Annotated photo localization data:
━━━━━━━━━━

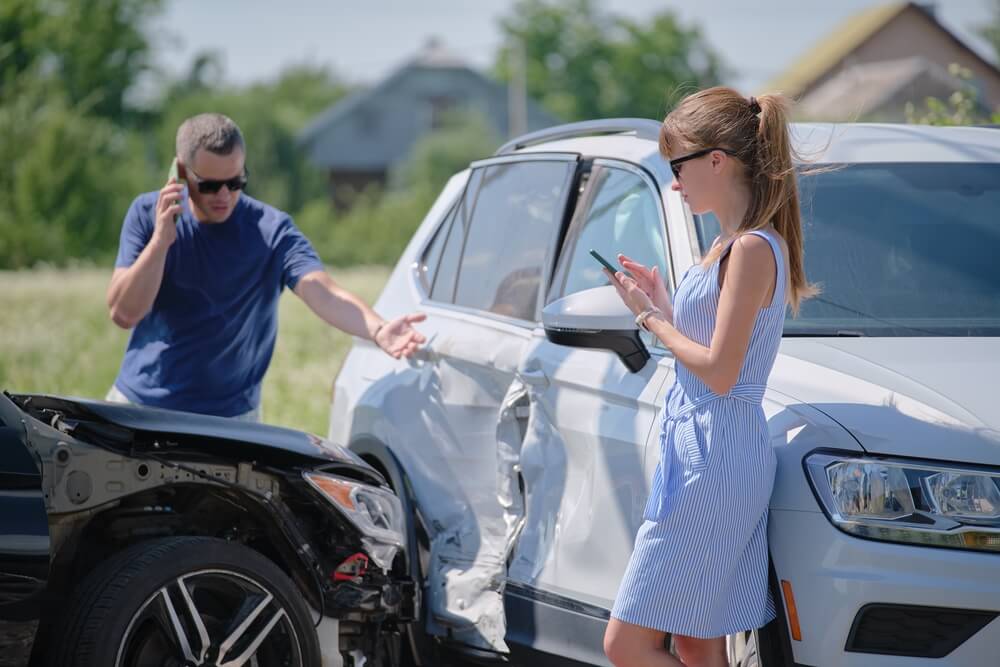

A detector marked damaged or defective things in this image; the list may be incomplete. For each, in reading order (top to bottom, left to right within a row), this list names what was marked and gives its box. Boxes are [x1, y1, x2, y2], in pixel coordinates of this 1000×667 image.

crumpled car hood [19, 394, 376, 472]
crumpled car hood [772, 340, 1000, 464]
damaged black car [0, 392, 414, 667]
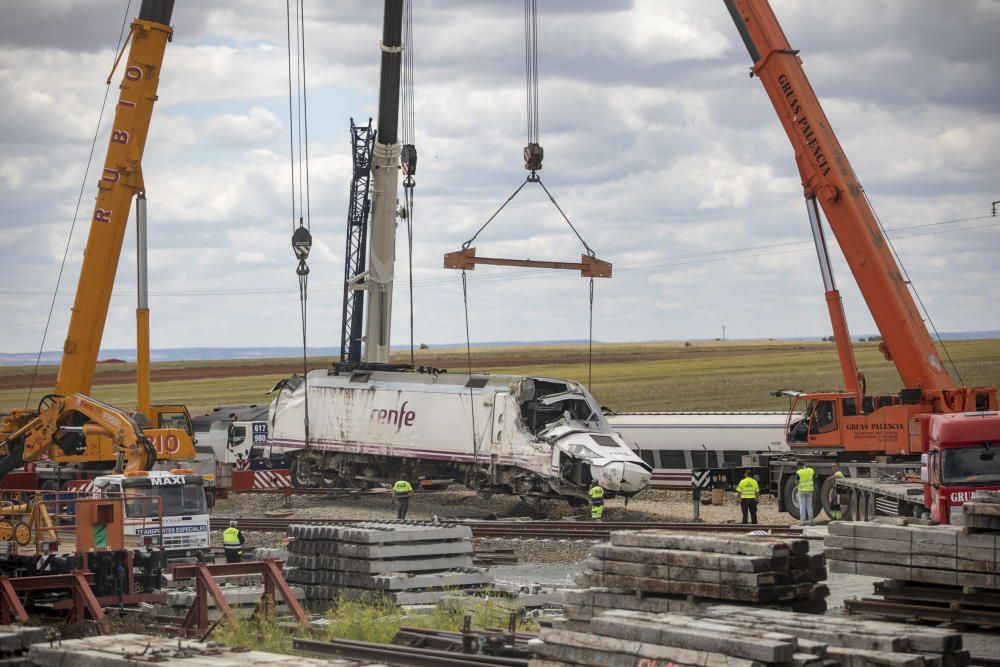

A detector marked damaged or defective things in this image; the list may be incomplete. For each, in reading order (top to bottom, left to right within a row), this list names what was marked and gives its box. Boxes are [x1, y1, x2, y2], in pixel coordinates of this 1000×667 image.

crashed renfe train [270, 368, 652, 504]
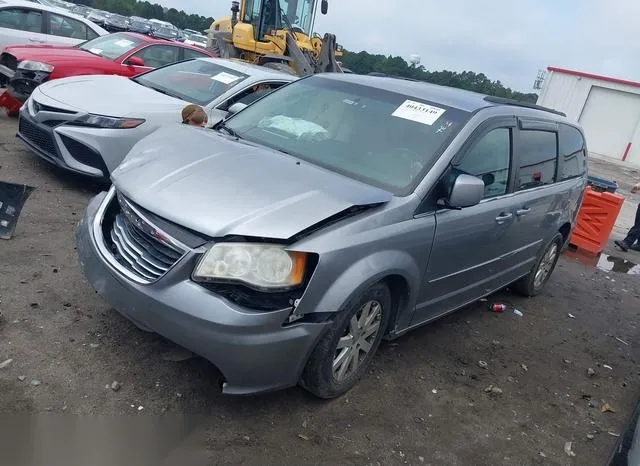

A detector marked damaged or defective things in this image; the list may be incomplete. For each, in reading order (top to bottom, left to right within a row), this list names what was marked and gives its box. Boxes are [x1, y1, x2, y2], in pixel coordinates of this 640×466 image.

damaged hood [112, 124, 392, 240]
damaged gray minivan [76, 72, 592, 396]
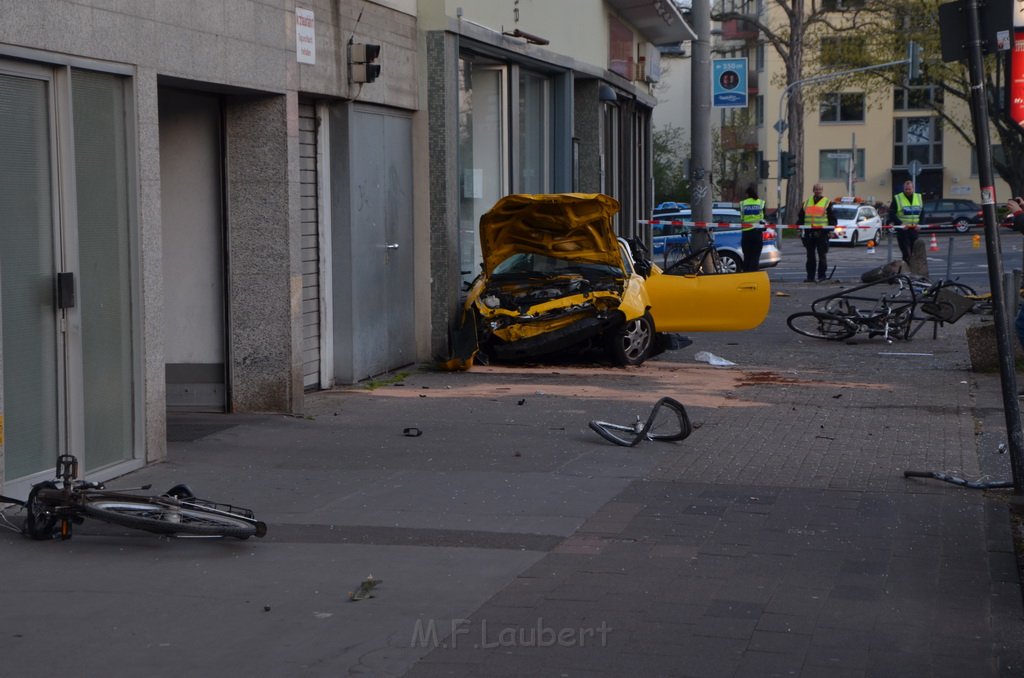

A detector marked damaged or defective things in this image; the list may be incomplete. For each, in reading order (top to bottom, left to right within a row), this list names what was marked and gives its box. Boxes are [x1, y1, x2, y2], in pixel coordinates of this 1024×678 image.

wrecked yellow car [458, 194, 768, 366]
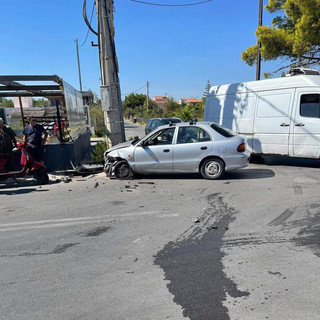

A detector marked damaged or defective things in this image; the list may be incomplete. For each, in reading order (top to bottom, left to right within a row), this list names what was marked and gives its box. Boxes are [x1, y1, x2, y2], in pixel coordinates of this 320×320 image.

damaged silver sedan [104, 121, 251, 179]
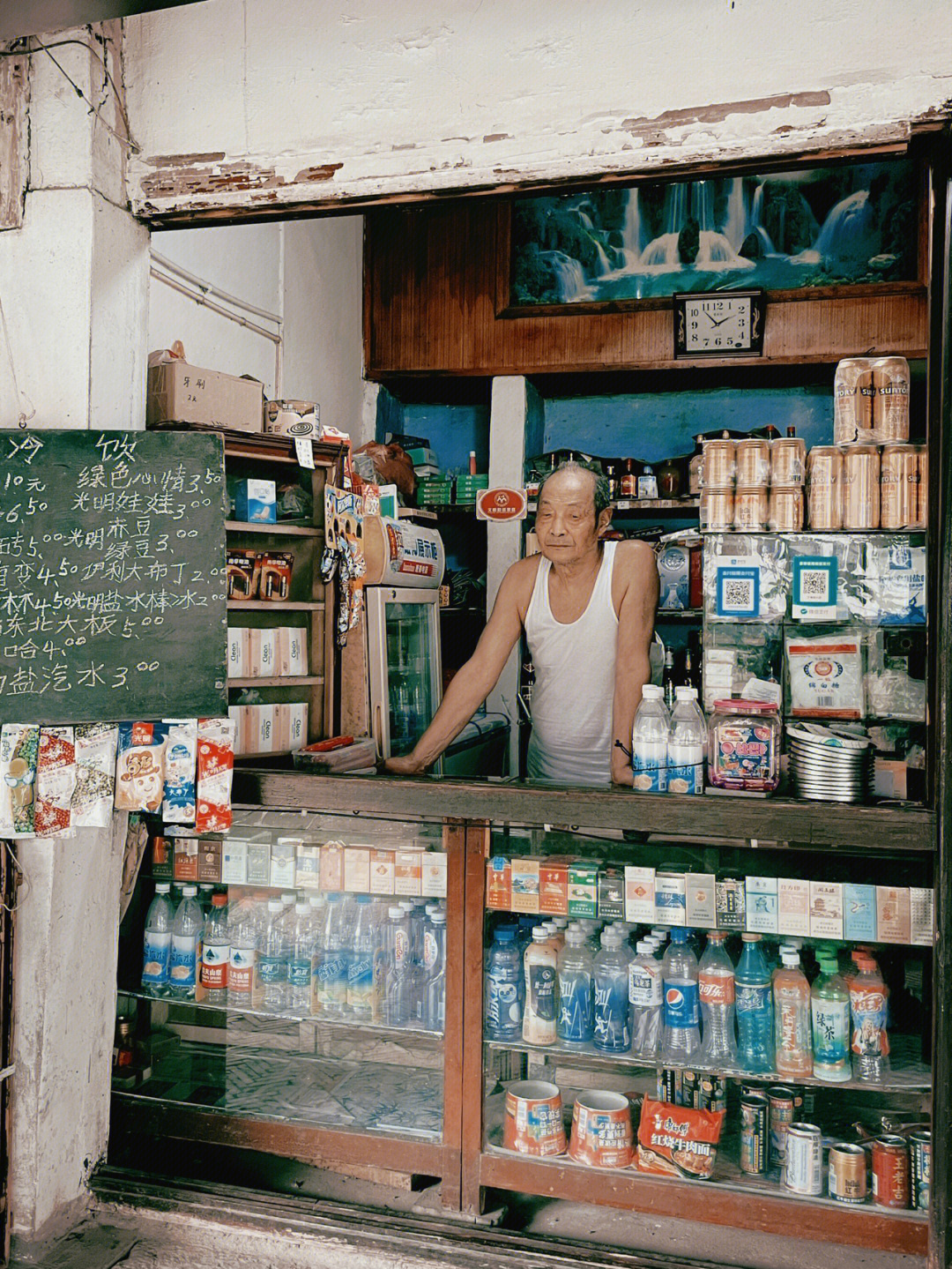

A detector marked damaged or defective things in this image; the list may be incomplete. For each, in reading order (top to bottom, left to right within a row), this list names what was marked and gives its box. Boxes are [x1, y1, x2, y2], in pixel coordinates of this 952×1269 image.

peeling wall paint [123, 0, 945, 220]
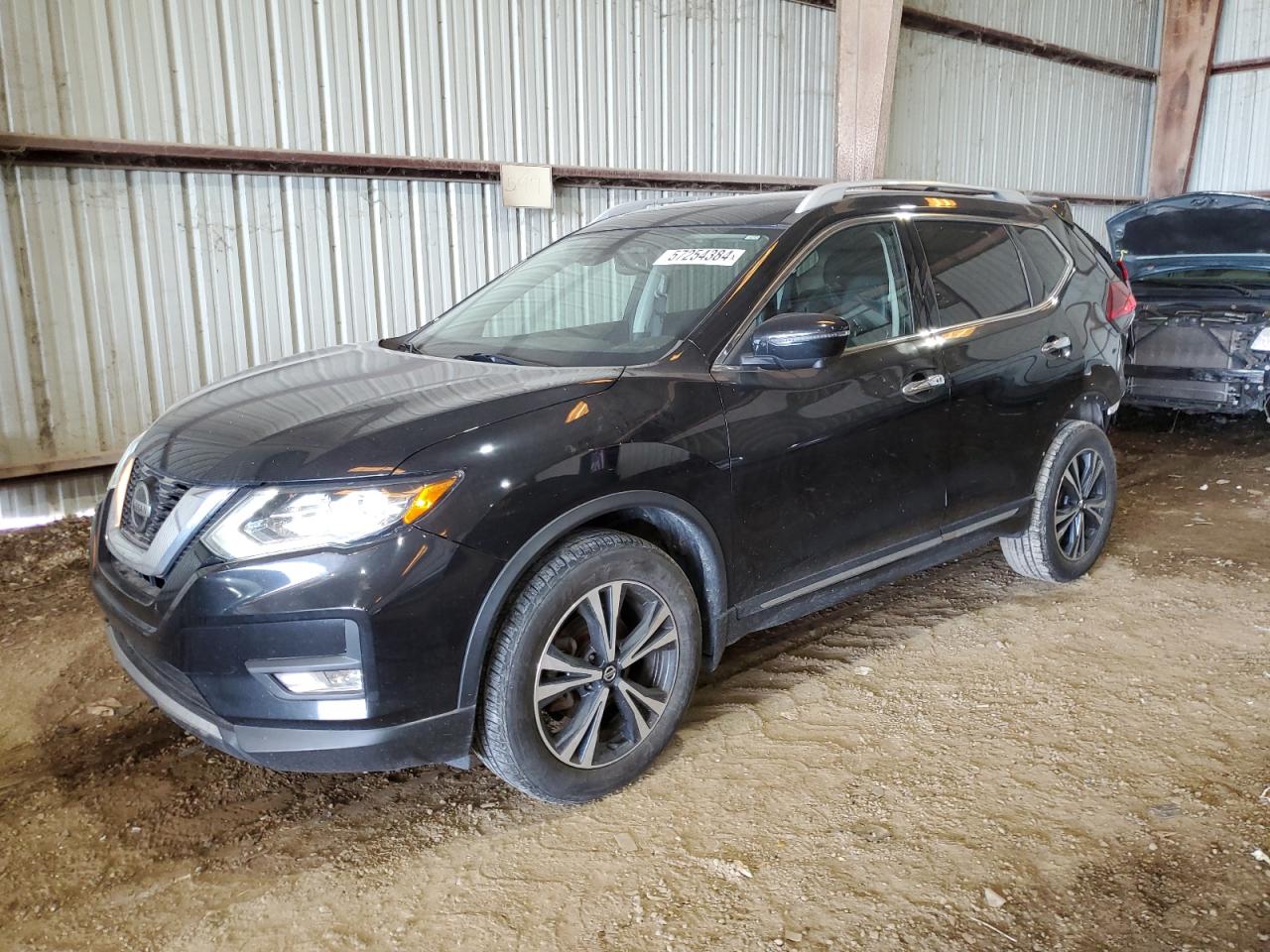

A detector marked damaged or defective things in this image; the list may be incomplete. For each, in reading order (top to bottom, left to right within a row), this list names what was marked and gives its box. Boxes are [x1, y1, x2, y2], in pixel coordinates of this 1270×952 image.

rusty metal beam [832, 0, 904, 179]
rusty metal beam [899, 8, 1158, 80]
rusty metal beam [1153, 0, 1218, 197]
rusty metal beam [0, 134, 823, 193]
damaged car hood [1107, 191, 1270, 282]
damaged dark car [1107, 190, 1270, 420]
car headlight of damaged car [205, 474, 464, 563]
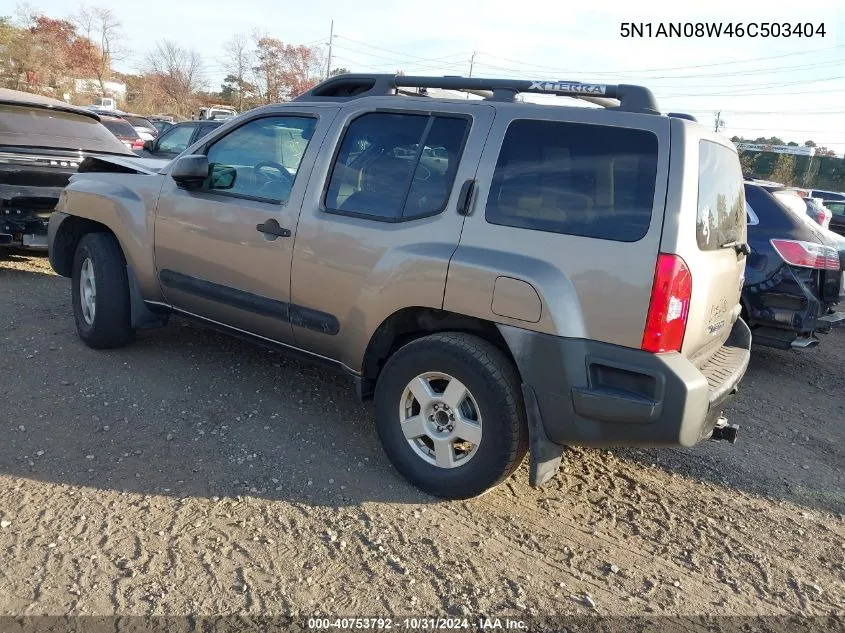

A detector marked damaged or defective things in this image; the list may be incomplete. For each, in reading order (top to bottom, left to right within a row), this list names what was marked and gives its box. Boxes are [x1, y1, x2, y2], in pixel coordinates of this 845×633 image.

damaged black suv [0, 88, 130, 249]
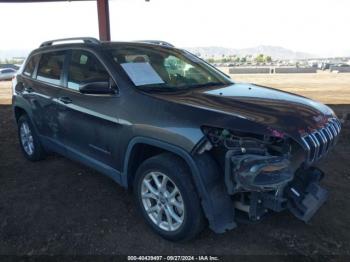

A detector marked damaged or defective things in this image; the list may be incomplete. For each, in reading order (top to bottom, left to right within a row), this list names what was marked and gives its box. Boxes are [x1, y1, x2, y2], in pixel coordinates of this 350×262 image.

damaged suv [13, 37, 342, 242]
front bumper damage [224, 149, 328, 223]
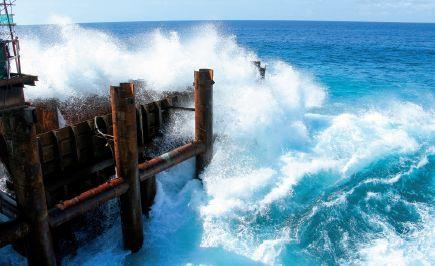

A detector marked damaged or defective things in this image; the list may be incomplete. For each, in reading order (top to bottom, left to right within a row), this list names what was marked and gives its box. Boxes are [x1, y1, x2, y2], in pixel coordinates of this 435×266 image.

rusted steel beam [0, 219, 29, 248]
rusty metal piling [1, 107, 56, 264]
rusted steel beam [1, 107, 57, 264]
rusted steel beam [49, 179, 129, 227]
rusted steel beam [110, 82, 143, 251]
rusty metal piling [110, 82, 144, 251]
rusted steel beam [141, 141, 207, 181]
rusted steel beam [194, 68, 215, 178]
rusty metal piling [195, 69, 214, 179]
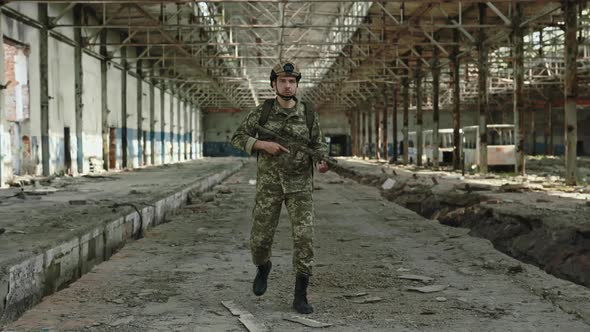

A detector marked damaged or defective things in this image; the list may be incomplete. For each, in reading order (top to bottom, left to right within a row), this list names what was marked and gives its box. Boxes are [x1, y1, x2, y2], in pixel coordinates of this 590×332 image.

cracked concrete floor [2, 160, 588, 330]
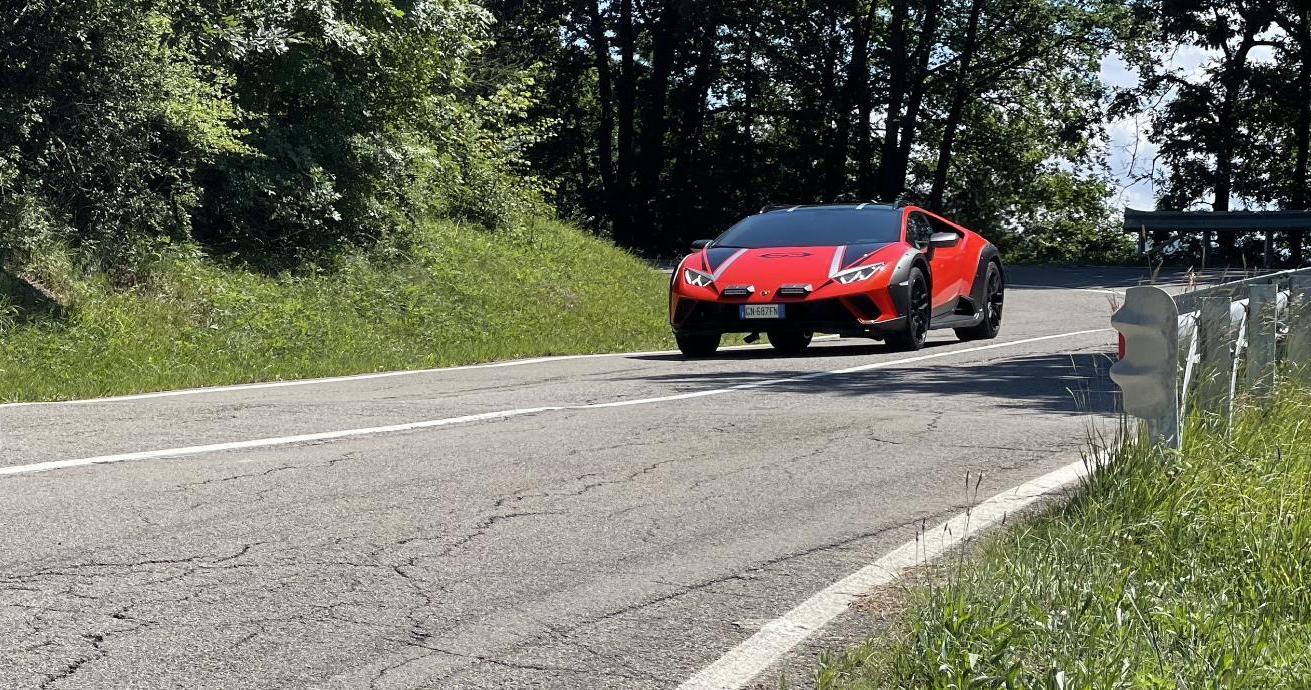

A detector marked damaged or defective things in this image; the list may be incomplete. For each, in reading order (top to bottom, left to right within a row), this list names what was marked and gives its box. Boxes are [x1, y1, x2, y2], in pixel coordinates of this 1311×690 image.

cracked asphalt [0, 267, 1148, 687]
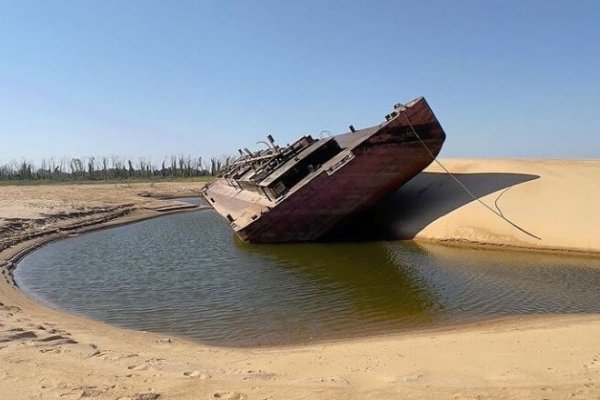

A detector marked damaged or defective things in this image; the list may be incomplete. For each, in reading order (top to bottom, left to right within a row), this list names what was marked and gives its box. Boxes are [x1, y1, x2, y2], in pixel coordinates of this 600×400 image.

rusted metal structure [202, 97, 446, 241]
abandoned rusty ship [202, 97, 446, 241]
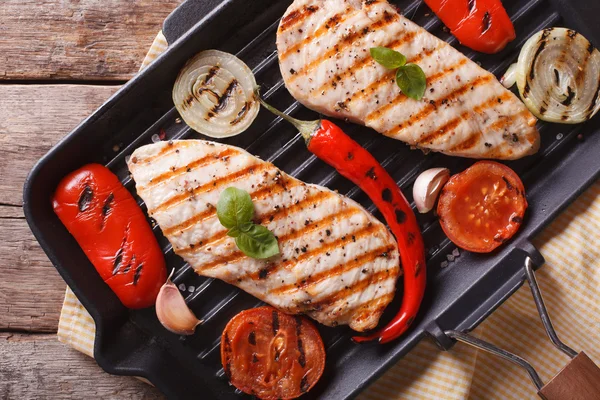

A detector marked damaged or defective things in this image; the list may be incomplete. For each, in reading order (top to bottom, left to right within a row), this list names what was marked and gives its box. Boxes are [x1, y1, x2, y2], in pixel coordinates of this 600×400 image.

━━━━━━━━━━

Assignment:
Write out every entry above exactly as it stands, minus the pictures.

Solution to the problem:
A detector marked damaged or defective things in this image; the list may be incomplete. For each, in reading order (top to bottom, left to right within a row), this list names what was marked and gives its box. Boxes are [x1, y1, x2, y2], in pixel coordinates of this 1000×667 image.

crumpled car hood [19, 394, 376, 472]
crumpled car hood [772, 340, 1000, 464]
damaged black car [0, 392, 414, 667]

A detector marked damaged or defective things in this image; the list may be incomplete. For each, in reading order (top to bottom, left to right within a row), this list names what was marked and gives its box. Boxes are [x1, y1, x2, y2], in pixel coordinates of this 1000×667 image.

crashed renfe train [270, 368, 652, 504]

A detector marked damaged or defective things in this image; the list may be incomplete. For each, in reading order (top to bottom, left to right within a row), this list names what was marked and gives its box. Boxes are [x1, y1, x2, y2], in pixel coordinates of this 640×466 image.

damaged hood [112, 124, 392, 240]
damaged gray minivan [76, 72, 592, 396]

A detector marked damaged or defective things in this image; the list may be incomplete. For each, in reading order (top to bottom, left to right within a row), this list names what was marked and gives its box. Boxes are [x1, y1, x2, y2], in pixel coordinates of this 1024×678 image.

wrecked yellow car [458, 194, 768, 366]

A detector marked damaged or defective things in this image; the list may be incomplete. For each, in reading order (top to bottom, left to right within a row), this list names what was marked and gives its box. Boxes are [x1, y1, x2, y2], in pixel coordinates of this 320×320 image.

damaged silver sedan [104, 121, 251, 179]

A detector marked damaged or defective things in this image; the list may be incomplete. For each, in reading order (top to bottom, left to right within a row), this list names what was marked and gives its box. Boxes are [x1, y1, x2, y2], in pixel coordinates of this 952×1269 image.

peeling wall paint [123, 0, 945, 220]

A detector marked damaged or defective things in this image; the list may be incomplete. For each, in reading order (top to bottom, left to right within a row), this list names what was marked and gives its box. Boxes are [x1, y1, x2, y2], in pixel coordinates of this 1270×952 image.

rusty metal beam [832, 0, 904, 179]
rusty metal beam [899, 8, 1158, 80]
rusty metal beam [1153, 0, 1218, 197]
rusty metal beam [0, 134, 823, 193]
damaged car hood [1107, 191, 1270, 282]
damaged dark car [1107, 190, 1270, 420]
car headlight of damaged car [205, 474, 464, 563]

A detector marked damaged or defective things in this image; the list may be incomplete. For each, in reading order (top to bottom, left to right within a row), this list names what was marked and gives its box. Boxes are [x1, y1, x2, y2], in pixel coordinates of this 845×633 image.

damaged black suv [0, 88, 130, 249]

A detector marked damaged or defective things in this image; the list may be incomplete. For each, in reading order (top to bottom, left to right within a row), this list names what was marked and gives its box. Boxes are [x1, y1, x2, y2], in pixel coordinates of this 350×262 image.

damaged suv [13, 37, 342, 242]
front bumper damage [224, 149, 328, 223]

A detector marked damaged or defective things in this image; the list may be incomplete. For each, in reading order (top to bottom, left to right within a row), this list names what was marked and gives its box. Boxes are [x1, y1, x2, y2], in pixel coordinates of this 435×266 image.

rusted steel beam [0, 219, 29, 248]
rusty metal piling [1, 107, 56, 264]
rusted steel beam [1, 107, 57, 264]
rusted steel beam [49, 179, 129, 227]
rusted steel beam [110, 82, 143, 251]
rusty metal piling [110, 82, 144, 251]
rusted steel beam [141, 141, 207, 181]
rusted steel beam [194, 68, 215, 178]
rusty metal piling [195, 69, 214, 179]

A detector marked damaged or defective things in this image; the list may be incomplete. For each, in reading order (top to bottom, left to right within a row), this list names what was marked and gives its box. Boxes are [x1, y1, x2, y2], in pixel coordinates of this 590×332 image.

cracked concrete floor [2, 160, 588, 330]

A detector marked damaged or defective things in this image; the list may be incomplete. For each, in reading order (top to bottom, left to right within a row), this list names what was marked and gives its box. Boxes are [x1, y1, x2, y2], in pixel coordinates of this 1311×690 image.

cracked asphalt [0, 267, 1148, 687]

A detector marked damaged or defective things in this image; the list may be incomplete. For each, in reading order (top to bottom, left to right within a row), this list names what was marked and gives its box. Boxes are [x1, y1, x2, y2], in pixel coordinates of this 600×400 image.

rusted metal structure [202, 97, 446, 241]
abandoned rusty ship [202, 97, 446, 241]

A detector marked damaged or defective things in this image; the list may be incomplete. For each, in reading order (top to bottom, left to right within a row), this list names what was marked and gives its box. Boxes are [x1, y1, x2, y2], in pixel coordinates of this 600×400 image.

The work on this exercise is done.